Zur wirtschaftlichen Entwicklung Ostdeutschlands seit Herbst 1989
von Axel Troost und Klaus Steinitz / RLS Analyse Nr. 48
► VORBEMERKUNG [1]
Die Herstellung der deutschen Einheit durch die Währungs-, Wirtschafts- und Sozialunion am 1. Juli 1990 und der Beitritt der DDR zur Bundesrepublik Deutschland am 3. Oktober 1990 setzten in den neuen Ländern einen Adaptions- und Transformationsprozess in Gang, der alle gesellschaftlichen Bereiche, die Arbeit und das Leben der Menschen erfasste und sich über mehrere Generationen erstreckte. In den alten Ländern dagegen stellt sich die deutsche Vereinigung vor allem als Inkorporations- und Integrationsprozess dar, der zudem durch die Entwicklung der EU überlagert wird, insbesondere durch die Krisen, welche die europäische Integration und die Globalisierung in den letzten zehn Jahren begleitet haben, sowie die Herausforderungen, die sich aus der größeren Rolle Deutschlands in Europa ergeben.
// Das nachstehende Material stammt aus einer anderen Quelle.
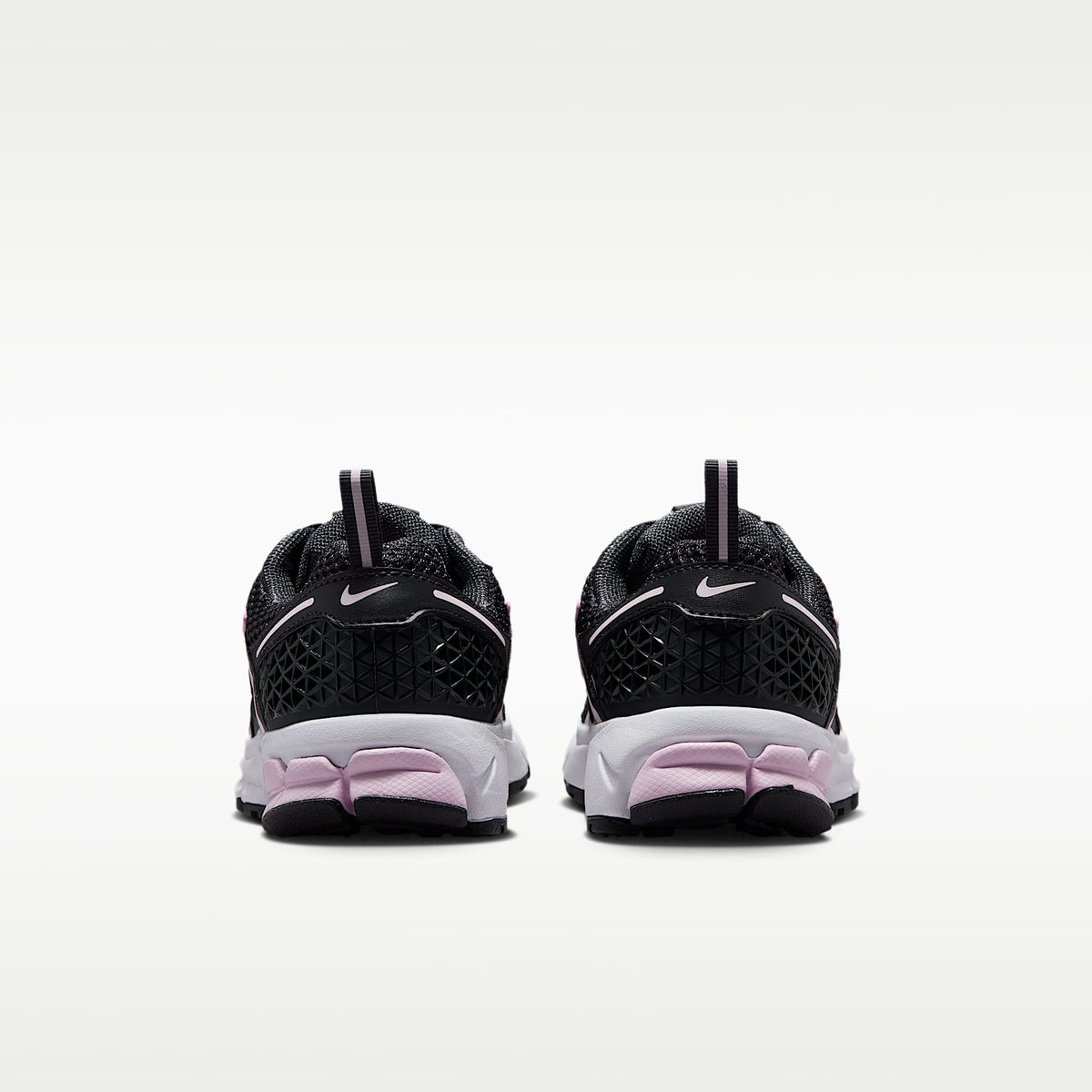 Nike Vomero 5 – Gris humo oscuro/Espuma rosa/Gris humo oscuro – vista 6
Insofern ist die Wahrnehmung der Vereinigungsproblematik in Ost und West grundverschieden, ebenso der Rückblick der Menschen auf die DDR und die frühere BRD. Dies zeigt sich in Differenzen bei der historischen Bewertung der deutschen Zweistaatlichkeit, aber auch in den von Missverständnissen, Verfälschungen und Fehlwahrnehmungen geprägten Debatten um den Solidaritätszuschlag, den Solidarpakt, die Transferzahlungen, den Aufbau Ost, die Staatsverschuldung und anderes mehr. Die kontrovers verlaufende Diskussion ist bis heute nicht abgeschlossen.
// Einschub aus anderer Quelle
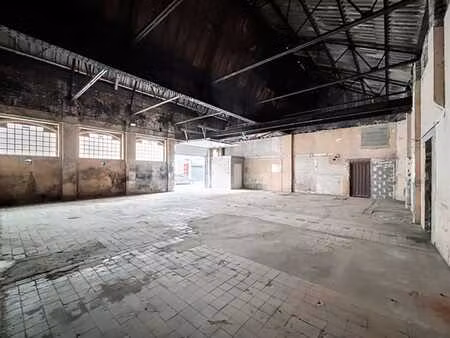 entrepôt de 209m² avec bureau à herstal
[1] Die vorliegende Analyse der Prozesse, Zusammenhänge, Widersprüche und bisherigen Ergebnisse der Vereinigung Deutschlands, vom Herbst 1989 bis heute, stützt sich in einigen Teilen auf das letzte zusammenfassende Kapitel zur ostdeutschen Entwicklung im «Memorandum 2015» der Arbeitsgruppe Alternative Wirtschaftspolitik. Für die vorliegende Ausarbeitung wurde die umfassende Literatur zur ostdeutschen Entwicklung und zu den Problemen der deutschen Vereinigung ausgewertet (vgl. Literaturverzeichnis im Anhang).
► Inhalt
Vorbemerkung . . . . . 2
1 Konvergenz und Divergenz . . . . . 3
2 Die widersprüchliche wirtschaftliche Entwicklung Ostdeutschlands vom Herbst 1989 bis heute . . . . . 5
3 Exkurs zu Problemen der Landwirtschaft und der ländlichen Räume . . . . . 14
4 Vergleich der Entwicklung Ostdeutschlands nach der Vereinigung mit der Transformation anderer ehemaliger staatssozialistischer Länder Osteuropas . . . . . 17
5 Funktion und Wirksamkeit der Treuhandanstalt . . . . . 18
6 Demografische Veränderungen in Ostdeutschland . . . . . 20
7 Fast drei Jahrzehnte vereinigtes Deutschland – Verfassungsziel gleichwertiger Lebensverhältnisse nicht erreicht . . . . . 22
8 Perspektiven für die weitere Entwicklung in Ostdeutschland . . . . . 27
Literatur . . . . . 34
► 1 KONVERGENZ UND DIVERGENZ
Lange Zeit bestimmten die wirtschaftliche Misere in den neuen Bundesländern sowie die Erfolge und Defizite, Gewinne und Kosten des Zusammenwachsens beider Landesteile den Vereinigungsdiskurs. Eine zentrale Rolle spielten dabei die anfangs getroffenen wirtschaftspolitischen Entscheidungen, die Wirkungen der überstürzten Währungsunion, die fatalen Konsequenzen der Treuhandpolitik für die ostdeutsche Industrie, die Zerstörung der Forschungslandschaft und anderes mehr, wodurch im Osten eine «Vereinigungskrise», im Westen der Republik dagegen ein «Vereinigungs-Boom» ausgelöst wurde.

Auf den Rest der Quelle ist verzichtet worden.